2022 was a year when I didn’t do much blogging. That wasn’t because there was nothing to blog about, but more because I had too much other stuff going on. So, as it’s now end-of-year review season, here’s a round-up of some of the events, debates and news stories that caught my attention during the last twelve months.
In January the Scottish government agreed to pardon those Scots–most of them women–who had been executed for witchcraft several centuries earlier. Some felt this was just a PR exercise, designed to burnish Scotland’s progressive credentials, but it did raise some questions worth reflecting on about how we memorialize past misogyny and whether that makes any difference in the present.
The same can’t be said about the real PR story of the month, an announcement from Mars (the chocolate manufacturer, not the planet): that the characters used to promote M&Ms were getting a makeover which would highlight “their personalities rather than their gender”. What this turned out to mean was replacing one set of gender stereotypes with a different set.

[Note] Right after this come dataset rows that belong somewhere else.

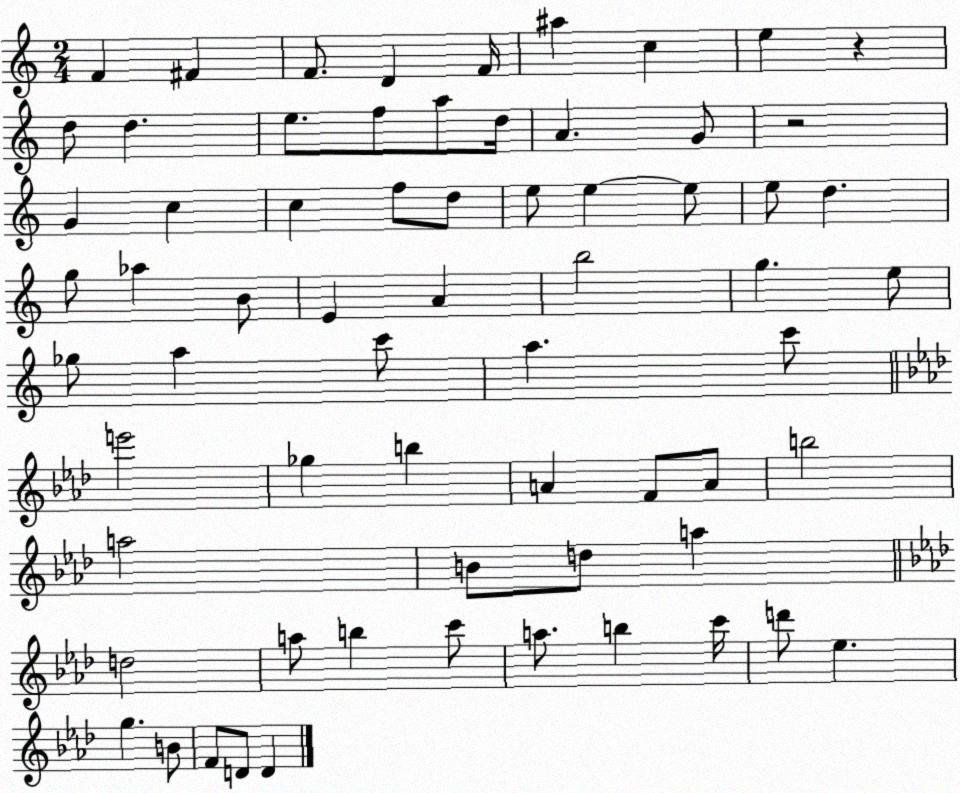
X:1
T:Untitled
M:2/4
L:1/4
K:C
F ^F F/2 D F/4 ^a c e z d/2 d e/2 f/2 a/2 d/4 A G/2 z2 G c c f/2 d/2 e/2 e e/2 e/2 d g/2 _a B/2 E A b2 g e/2 _g/2 a c'/2 a c'/2 e'2 _g b A F/2 A/2 b2 a2 B/2 d/2 a d2 a/2 b c'/2 a/2 b c'/4 d'/2 _e g B/2 F/2 D/2 D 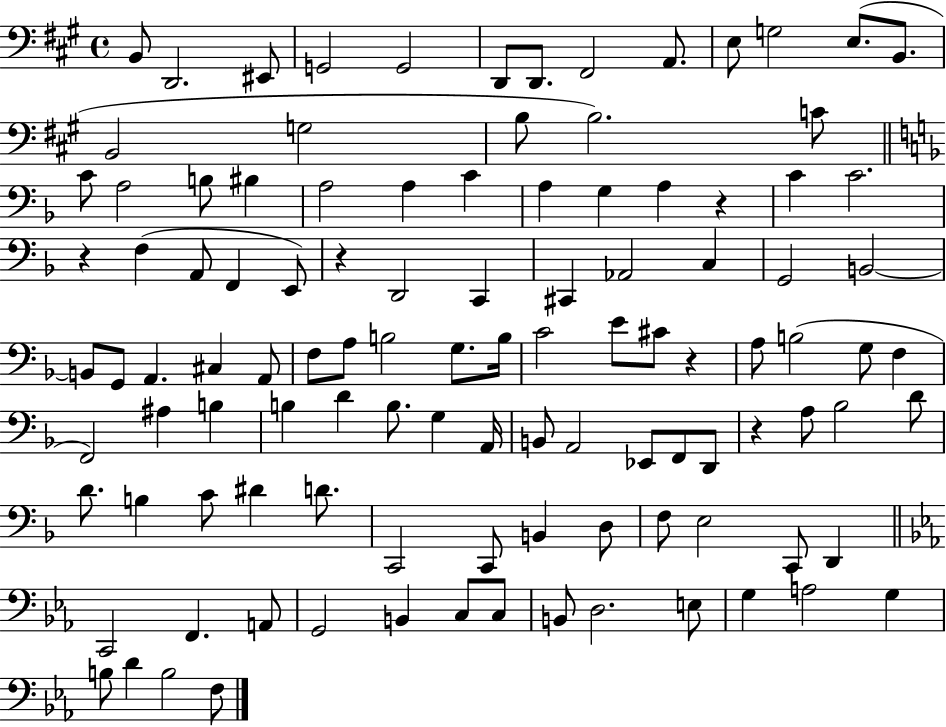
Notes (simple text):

B2/e D2/h. EIS2/e G2/h G2/h D2/e D2/e. F#2/h A2/e. E3/e G3/h E3/e. B2/e. B2/h G3/h B3/e B3/h. C4/e C4/e A3/h B3/e BIS3/q A3/h A3/q C4/q A3/q G3/q A3/q R/q C4/q C4/h. R/q F3/q A2/e F2/q E2/e R/q D2/h C2/q C#2/q Ab2/h C3/q G2/h B2/h B2/e G2/e A2/q. C#3/q A2/e F3/e A3/e B3/h G3/e. B3/s C4/h E4/e C#4/e R/q A3/e B3/h G3/e F3/q F2/h A#3/q B3/q B3/q D4/q B3/e. G3/q A2/s B2/e A2/h Eb2/e F2/e D2/e R/q A3/e Bb3/h D4/e D4/e. B3/q C4/e D#4/q D4/e. C2/h C2/e B2/q D3/e F3/e E3/h C2/e D2/q C2/h F2/q. A2/e G2/h B2/q C3/e C3/e B2/e D3/h. E3/e G3/q A3/h G3/q B3/e D4/q B3/h F3/e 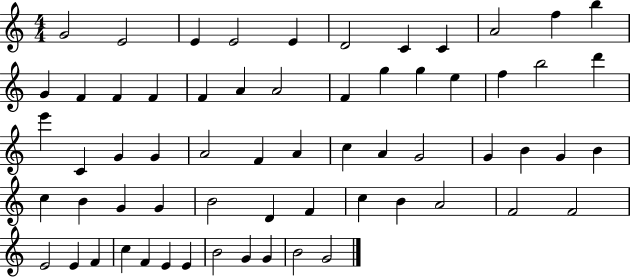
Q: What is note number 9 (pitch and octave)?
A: A4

The green M&M, for instance, was previously supposed to be the sexy one, but in the revamp she has exchanged her white go-go boots for “cool, laid-back sneakers” to symbolize her “confidence and empowerment, as a strong female”. She will also lose her previous habit of being bitchy to the brown M&M (who is also female, and has also been given new shoes with a lower heel): we’ll see them “together throwing shine rather than shade”. As you’ll have gathered from these quotes, the press release was like a digest of popular neoliberal feminist clichés. But it’s pointless to expect mass-market advertising not to deal in clichés. What’s interesting about this story (like the previous year’s story about the rebranding of Mr Potato Head as “Potato Head”) is what it says about changing fashions in gender stereotyping and gendered language.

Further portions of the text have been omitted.